In any case, I’m more than happy to analyze your paper if you will send me a link to the paper and another link to the dataset as used in the study.
Finally, both you and the authors seem entranced with the idea that when you take out part of the data you get different periodicities … for heaven’s sake, what did you expect???
w.
PS—My rule of thumb is that if a claim is only established by a look at proxies from thousands of years ago, it is a very weak claim and should be treated with great suspicion … and your cited paper is no exception. Yes, as you say, you can make all kinds of claims for longer term periodicities … but if you look at the various authors addressing the same question with different proxies, they rarely find the same periodicities.
Willis,
There is no perfect proxy record.
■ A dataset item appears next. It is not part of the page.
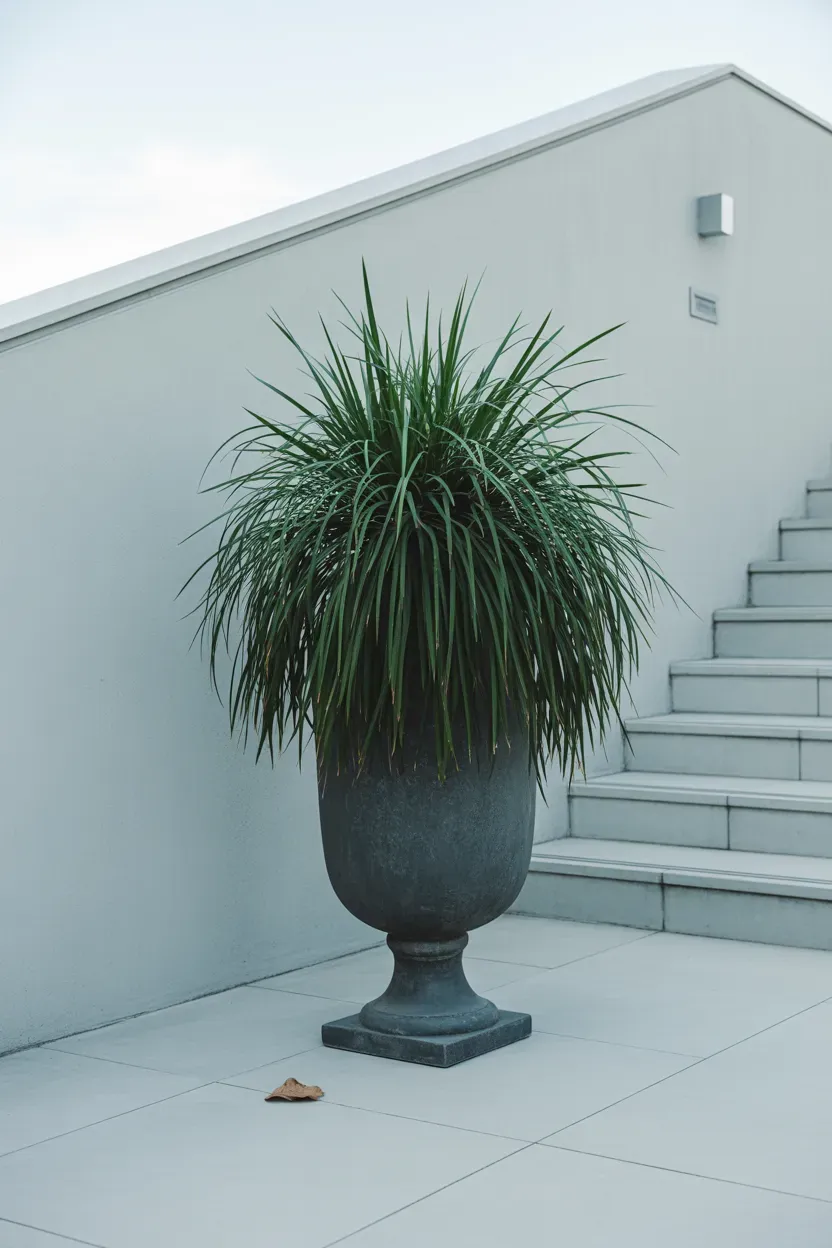 One large statement urn with dramatic foliage plant at minimalist staircase entrance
Luckily we have two different proxies for the solar modulation of galactic cosmic rays that undergo different climate pathway modification. The knowledge of those pathways has also improved, so our reconstruction of past solar activity combining all this knowledge and both proxies is improving.
You can find the paper:
McCracken, K. G., et al. “A phenomenological study of the cosmic ray variations over the past 9400 years, and their implications regarding solar activity and the solar dynamo.” Solar Physics 286.2 (2013): 609-627.
here:
http://sci-hub.io/10.1007/s11207-013-0265-0
This paper uses different sets of data and some of them are modified by mathematical functions. The data that is available is the main one, that is used to establish the solar modulation function Φ:
“Recent studies (Steinhilber et al., 2012) have combined all available data for the past 9400 years, thereby extracting the solar signal from extraneous atmospheric and climate-related effects. This article examines this new record in both the time and frequency domains, which yields detailed information regarding the time-dependent modulation of the galactic cosmic-rays by the Sun, and by inference, the long-term variability of solar activity and the solar magnetic dynamo.”
This data is available here:
ftp://ftp.ncdc.noaa.gov/pub/data/paleo/climate_forcing/solar_variability/steinhilber2012.txt
ftp://ftp.ncdc.noaa.gov/pub/data/paleo/climate_forcing/solar_variability/steinhilber2012.xls
We can discuss the importance of these periodic oscillations and whether they constitute a true cycle or not, but many of them are found study after study, both in climate proxies and in these solar proxies, so their existence is pretty solid and not due to climate contamination.
@ur momisugly Willis Eschenbach
April 21, 2016 at 11:14 am : So, a matter of raining on Lief reining in? Sorry, couldn’t resist either.